Aksa menggelengkan kepalanya. Ia ingin segera beranjak pergi meninggalkan adik-adiknya yang memang tak pernah akur itu. Meski begitu ia bersyukur. Karena berkat Arash dan Alrescha, rumah kedua orangtuanya tak pernah sepi.
"Bia," panggil Alrescha.
"Kenapa?" Aresh menjawab.
"Dulu, Ayah nembak Bia kayak gimana?" tanya Alrescha ingin tahu.
"Kalau Ayah nembak Bia, mati dong Bia-nya!" sambung Arash.
"Abang diam dulu deh!" geram Alrescha.
Aresh tersenyum, "Kamu tanya saja sama Ayah."
"Ayah! Dulu Ayah nembak Bia kayak gimana?!" teriak Alrescha agar terdengar oleh ayahnya.
"Ayah nggak pernah menembak Bia!" sahut Reshi lugas dan tegas, membuat Arash terbahak keras.
Sedang Aresh, Aksa dan Archie mengulum senyum mendengar jawaban lugas Reshi yang tak suka berbasa-basi. Mata tajam Alrescha langsung menatap Arash dengan sangat kesal. Ia melemparkan apel yang bertumpuk di keranjang buah kepada Arash. Dan dengan sigap Arash menangkap dan langsung memakannya.
"Adek!!!" seru Aresh, "Jangan melempar makanan begitu!"
"Abang tu, Bia! Ngeselin!!!" gerutu Alrescha sebelum memasukkan sesuap nasi uduk terakhir ke dalam mulutnya.
"Lo kesel sama gue? Atau sama jawaban Ayah?" tanya Arash tepat sasaran.
"Sudah! Jangan berantem! Kasihan eyang yang baru tidur tadi," peringat Aresh sebelum menyusul Reshi ke kamar, "Bia ke kamar dulu!"
"Bia, tunggu!" cegah Alrescha, "Nanti temenin Alres tidur ya! Alres izin deh sama Ayah."
Aresh mengangguk, "Iya. Ketok pintu aja nanti!"
"Oke!" Alrescha tampak sumringah mendapat jawaban Aresh.
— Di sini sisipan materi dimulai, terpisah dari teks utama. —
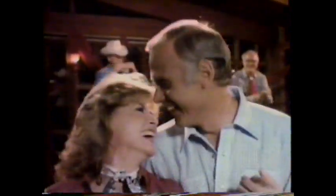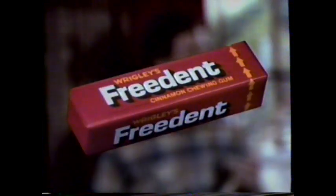Freedent's the one that took the stick out of gum and puts the fresh in your breath. Freedent gum not only won't stick to your dental work, it helps clean in between to freshen your breath while you chew.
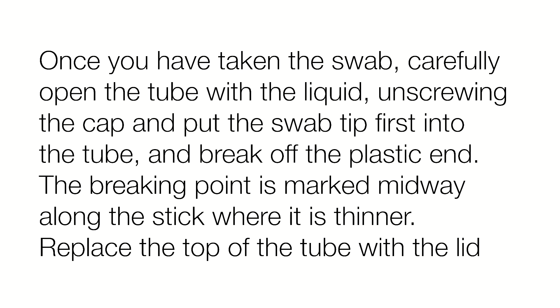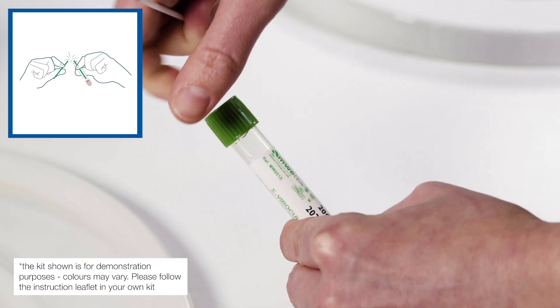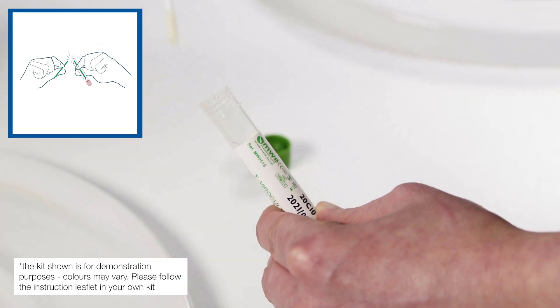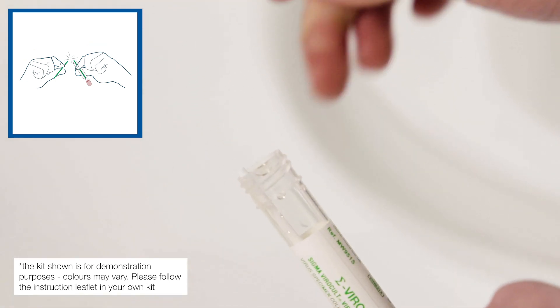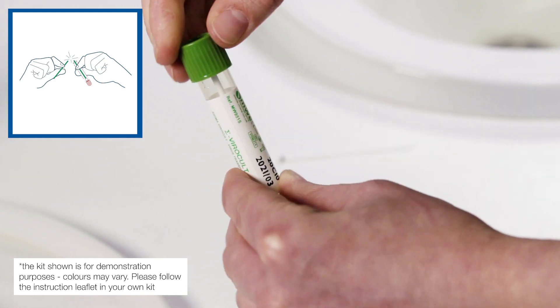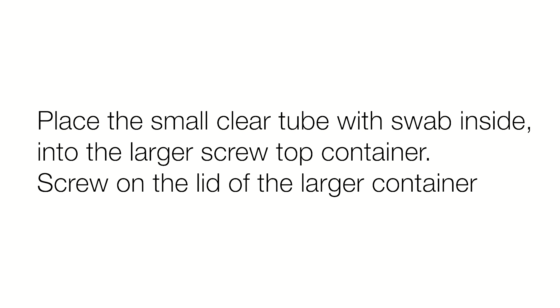Once you have taken the swab, carefully open the tube with the liquid, unscrewing the cap and putting the swab tip first into the tube and breaking off the plastic end as shown. The breaking point is marked midway along the stick where it is thinner. Once it is broken, replace the top of the tube with the lid. Place the small clear tube with the swab inside into the larger screw-topped container and then screw the lid of the larger container closed.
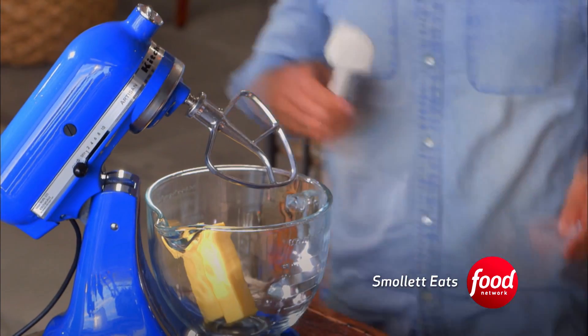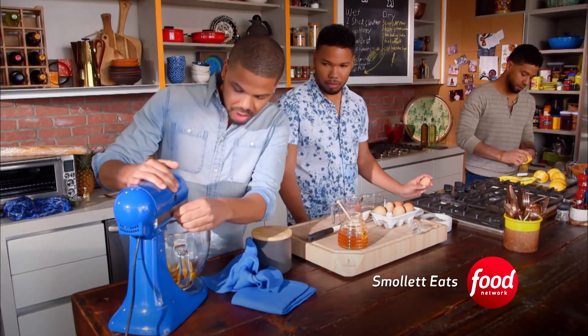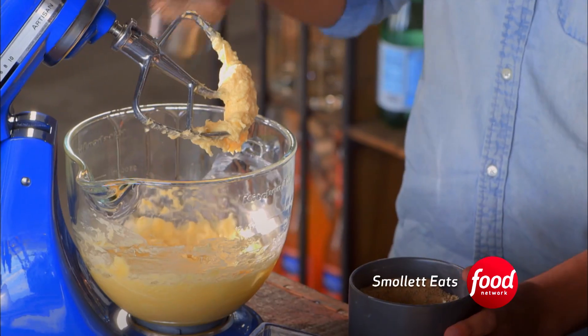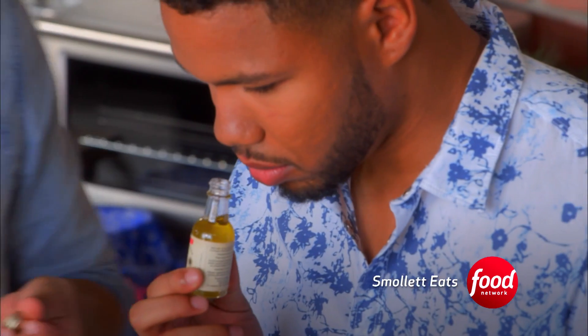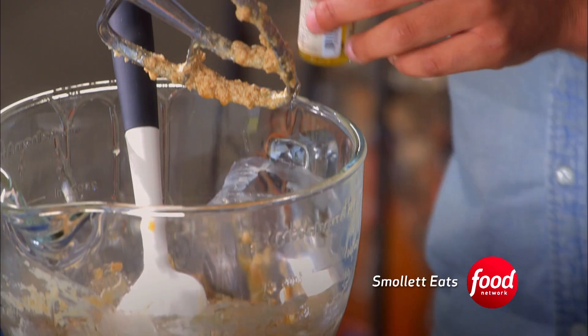I'm going to get two sticks of butter in here and a third of a cup of honey, and get the butter and honey creamed. Half a cup lavender sugar. Now I'm going to get the lemon oil in — it's the extract of the lemon peel. Wow, that smells really good, though. Really unique ingredients, actually.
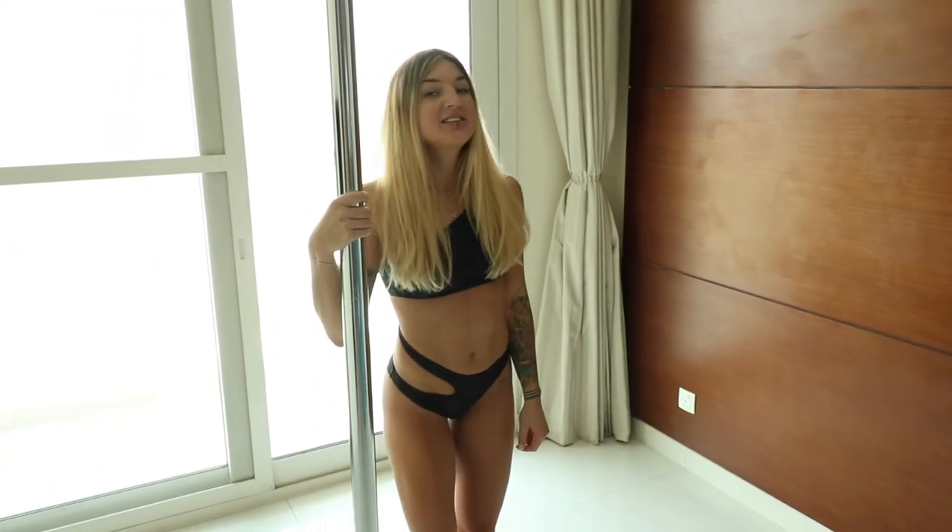Hi, I'm Monia. Welcome to your next pole dance class. Today we'll learn your 3D spin and sitting spin variation.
"Kan bener! Lo pulang karena mau minta dikelonin sama Bia?!" Arash kembali bersuara.
"Bukan urusan Lo!" Alrescha beranjak untuk mencuci tangannya.
"Nanti Abang saja yang menemani kamu tidur," ucap Archie yang sudah duduk di samping Arash. "Ayah baru pulang tadi. Kasihan Ayah kalau tidur sendirian."
"Lagian, takut banget sih kalau mau tidur malam! Emang indigo Lo nggak bisa ilang ya, Dek?" tanya Arash.
"Kalau sudah dari lahir ya nggak akan bisa hilang, Rash!" sahut Aksa.
"Kita beruntung ya, Bang. Nggak indigo kayak mereka berdua," tambah Arash menyahuti ucapan Aksa.
"Ini itu yang namanya anugerah, Abang! Lo mah emang nggak ada bakat buat dikasih kelebihan. Kelebihan Lo cuma satu, suka bully orang!" tandas Alrescha sebal.
"Gue cuma bully Lo ya, Kecil!" Arash menyahut sebelum meminum kopinya.
"Abang nggak tahu sih, gimana takutnya gue kalau tiba-tiba roh gue nggak bisa balik lagi ke tubuh gue. Seram tahu, Bang!" ungkap Alrescha sedih.
"Tenang! Gue bakalan bantu supaya roh Lo masuk lagi. Gue nggak akan biarin Lo mati secara gaib," kata Arash yang membuat Alrescha mengerucutkan mulutnya.
"Bang, itu tadi beneran Ayah nggak pernah menembak Bia?" tanya Alrescha.
Aksa mengangguk, "Iya. Kenapa?"
"Kok bisa? Terus Ayah sama Bia kok bisa sampai menikah? Dijodohkan sama Eyang ya?!" tanya Alrescha ingin tahu.
"Arash! Matikan rokoknya!" titah Archie kala melihat kembarannya akan merokok.
Arash meringis, "Satu aja, Bang! Boleh ya?!"
"Kalau mau merokok, di luar sana!" usir Aksa keras.
"Oke!" Arash pasrah menurut, lalu memasukkan rokoknya kembali ke saku kemeja.
"Ayah itu langsung mengkhitbah Bia. Mereka itu pacarannya setelah menikah," cerita Archie.
"Abang tahu dari mana?" tanya Alrescha ingin tahu.
"Bia pernah cerita sama Abang dan Archie," jawab Aksa sebelum memakan jeruk.
Alrescha mengangguk pertanda mengerti. Ia mengambil jeruk yang berada di tangan kanan Aksa. Lalu memakannya tanpa rasa bersalah.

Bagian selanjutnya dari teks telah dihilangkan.